> [TASK STATEMENT]:
Shown below are entries with pictures; the line with "DAYTONA 116505 RG" through the line with "Photo: Gucci Black" is the span to retype exactly, and the pictures stay out.

THE RECORDS Block Start

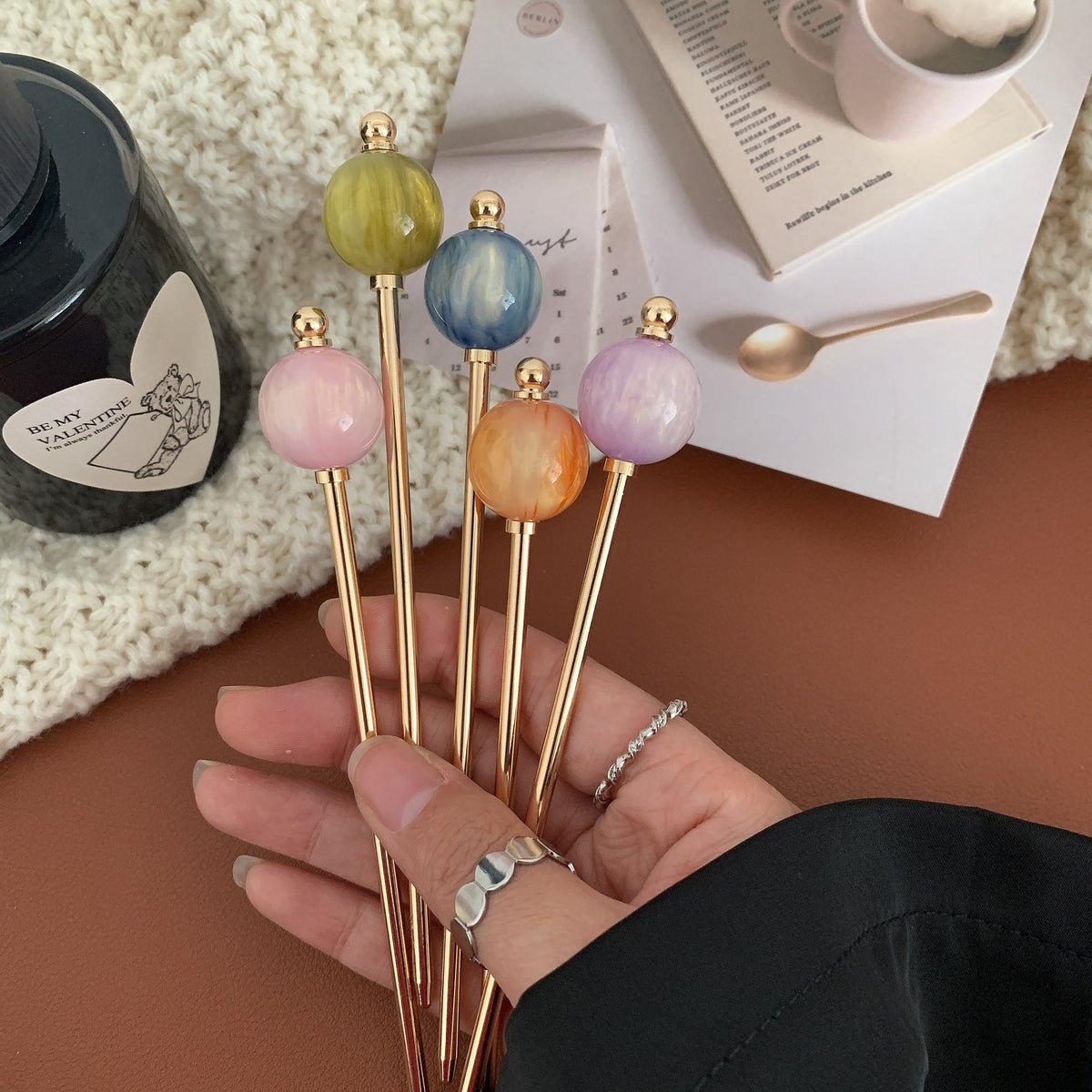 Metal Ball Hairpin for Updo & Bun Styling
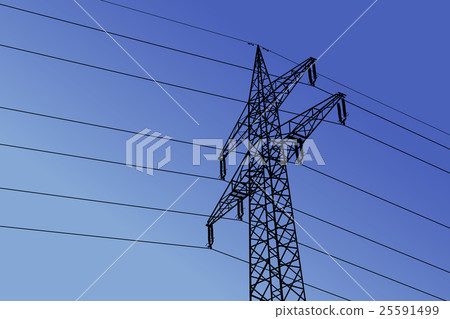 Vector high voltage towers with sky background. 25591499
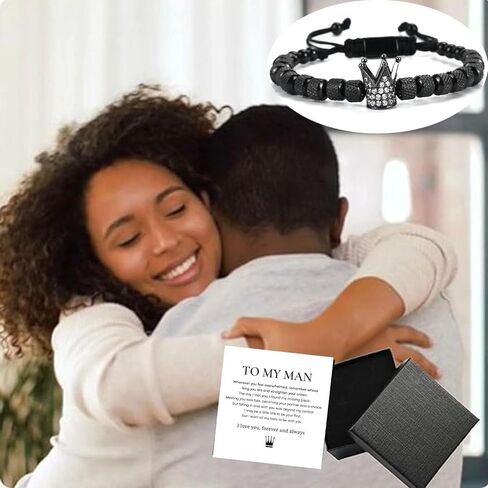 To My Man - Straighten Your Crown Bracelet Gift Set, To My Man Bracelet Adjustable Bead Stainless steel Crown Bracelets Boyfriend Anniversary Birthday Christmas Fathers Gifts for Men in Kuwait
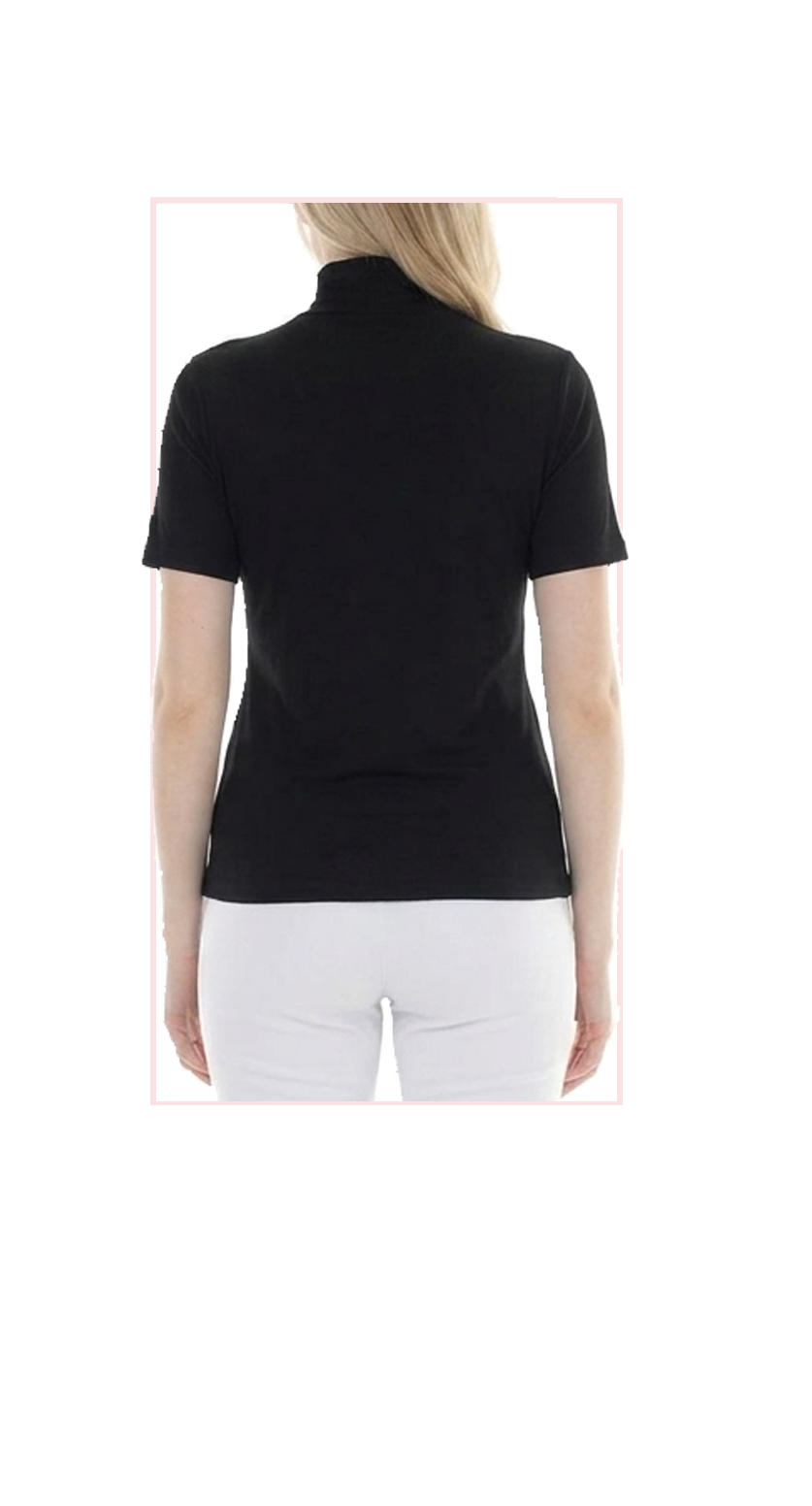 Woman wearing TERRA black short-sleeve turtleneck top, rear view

THE RECORDS Block End
THE RECORDS Block Start

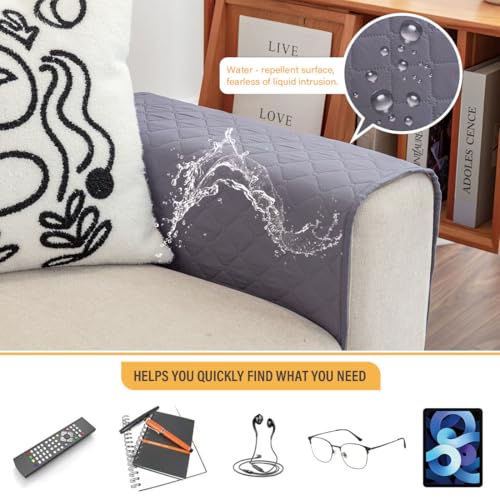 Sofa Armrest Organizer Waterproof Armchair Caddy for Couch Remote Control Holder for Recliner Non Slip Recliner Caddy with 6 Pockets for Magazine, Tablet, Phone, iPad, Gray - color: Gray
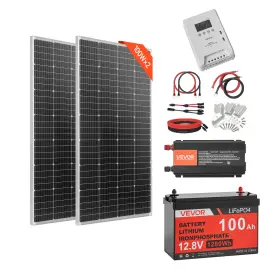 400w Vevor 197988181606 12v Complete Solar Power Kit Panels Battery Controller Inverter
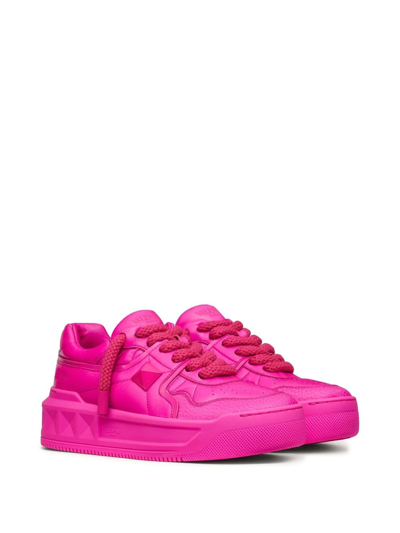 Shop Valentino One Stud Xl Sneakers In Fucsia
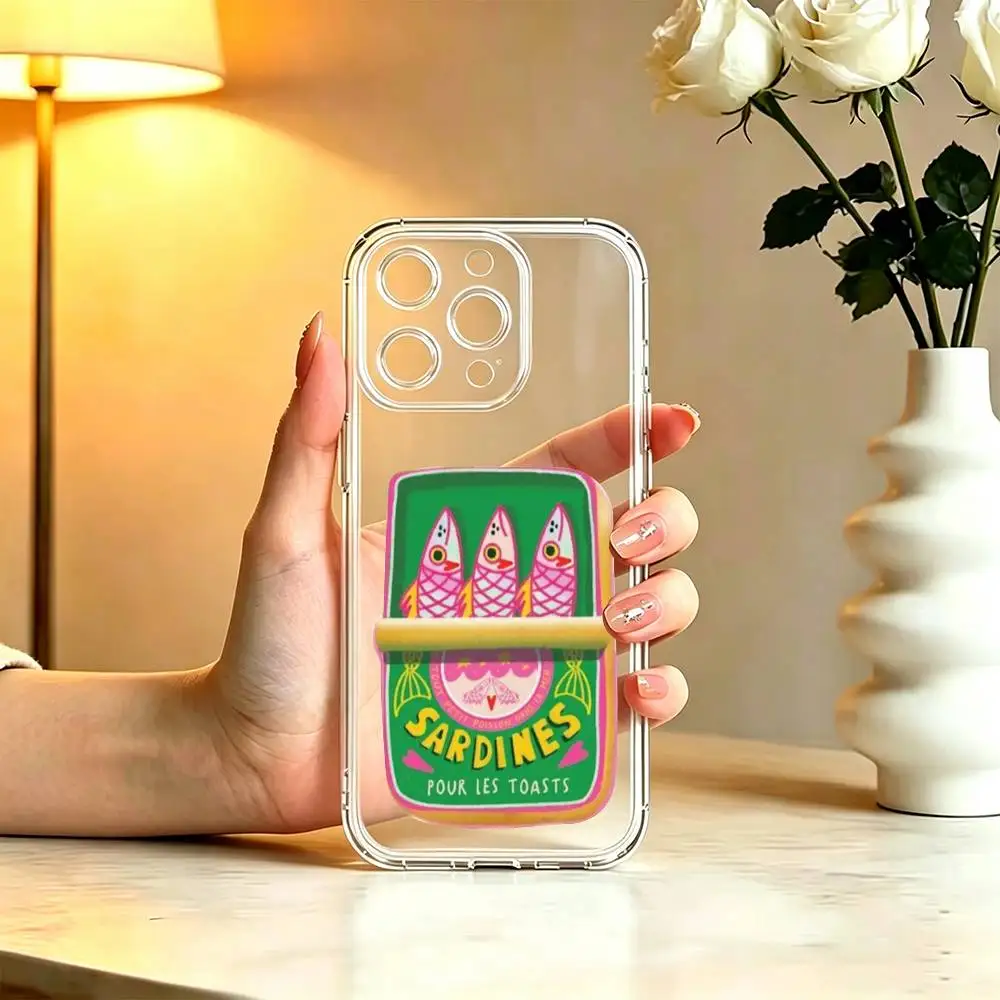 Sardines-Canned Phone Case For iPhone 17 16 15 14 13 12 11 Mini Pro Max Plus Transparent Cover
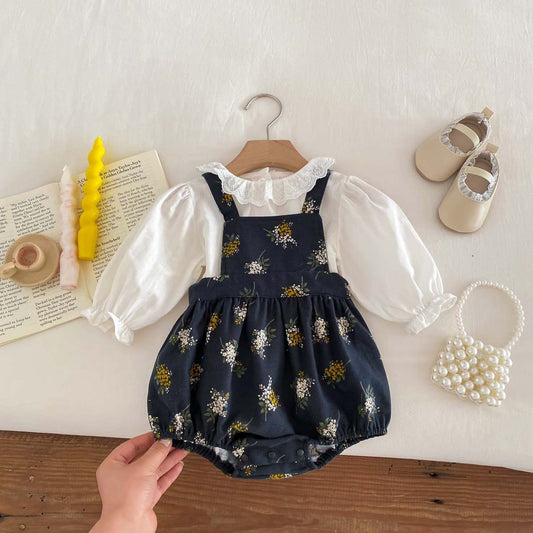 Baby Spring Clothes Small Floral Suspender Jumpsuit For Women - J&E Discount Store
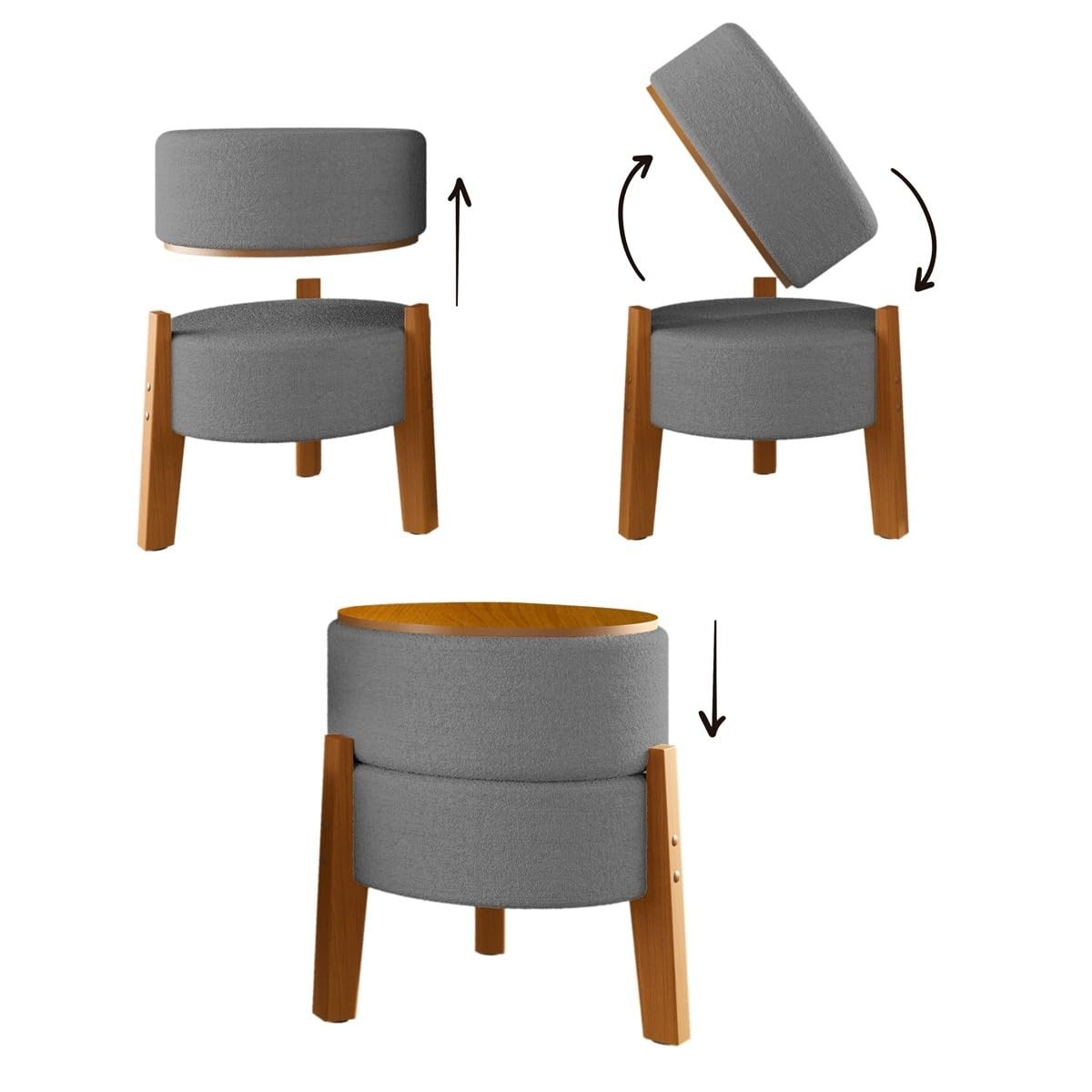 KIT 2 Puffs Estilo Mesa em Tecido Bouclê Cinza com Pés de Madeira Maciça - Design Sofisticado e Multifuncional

THE RECORDS Block End
THE RECORDS Block Start

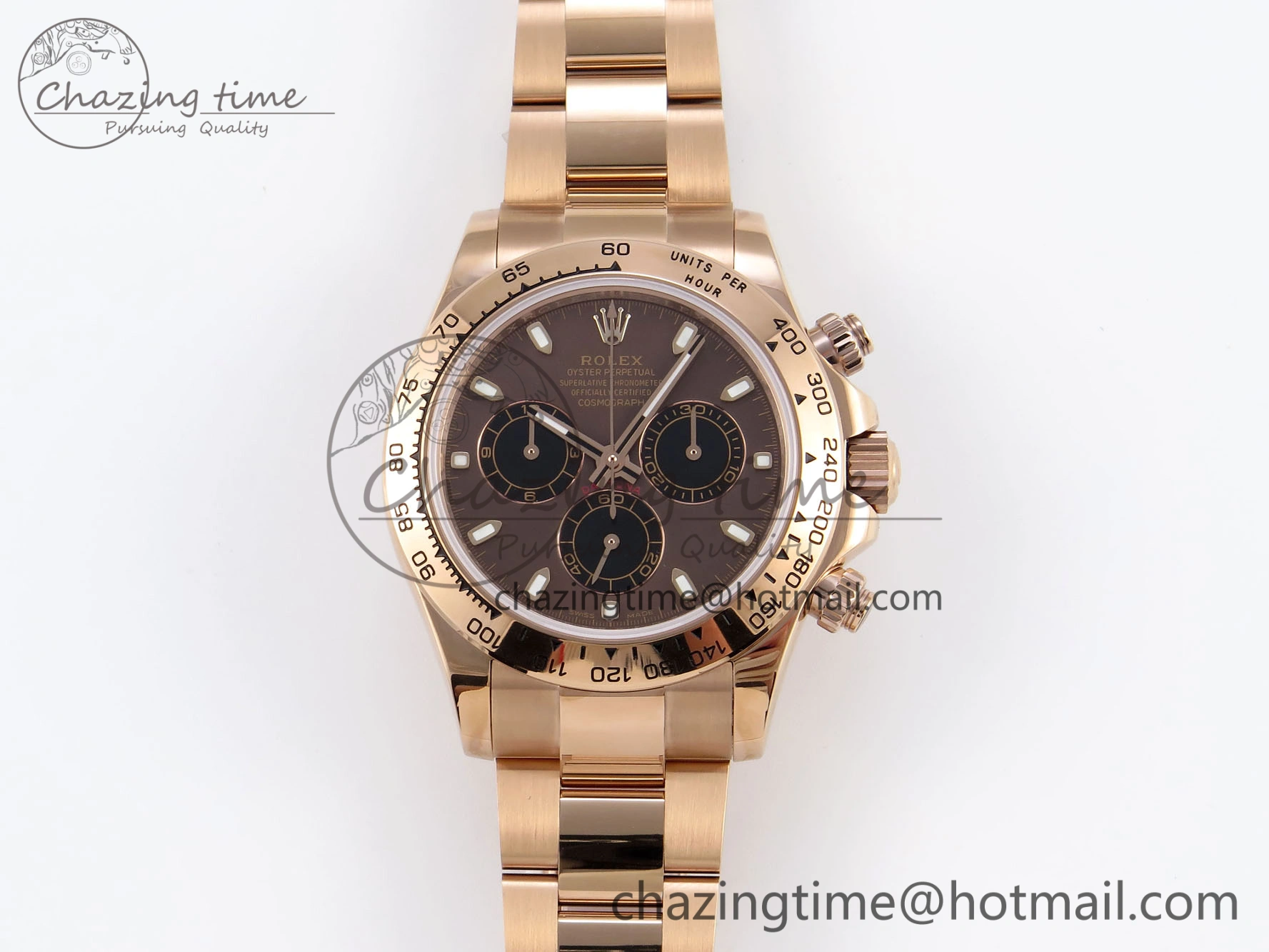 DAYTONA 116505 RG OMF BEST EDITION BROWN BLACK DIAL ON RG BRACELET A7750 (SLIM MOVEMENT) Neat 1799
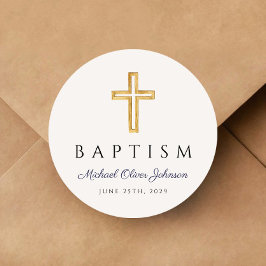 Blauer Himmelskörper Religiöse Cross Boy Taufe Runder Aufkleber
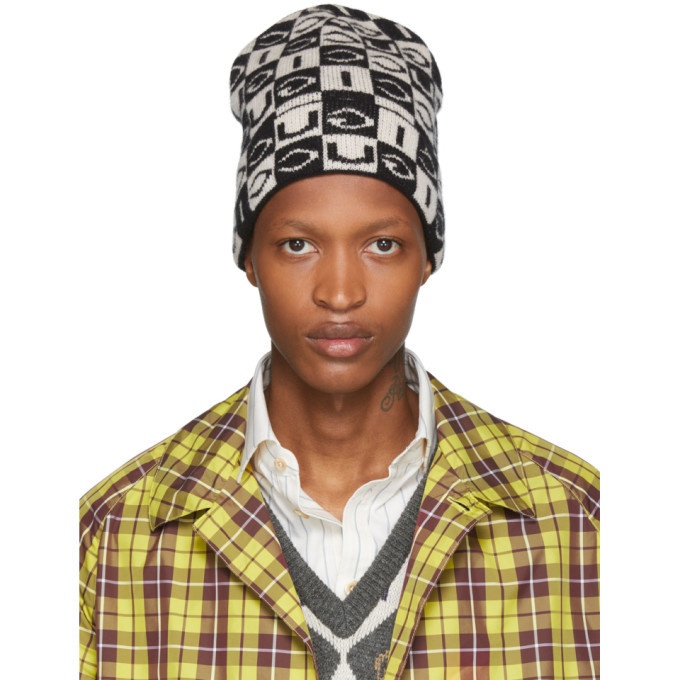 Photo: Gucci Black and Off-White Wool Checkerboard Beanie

THE RECORDS Block End

> [EXERCISE OUTPUT]:
 DAYTONA 116505 RG OMF BEST EDITION BROWN BLACK DIAL ON RG BRACELET A7750 (SLIM MOVEMENT) Neat 1799
 Blauer Himmelskörper Religiöse Cross Boy Taufe Runder Aufkleber
 Photo: Gucci Black and Off-White Wool Checkerboard Beanie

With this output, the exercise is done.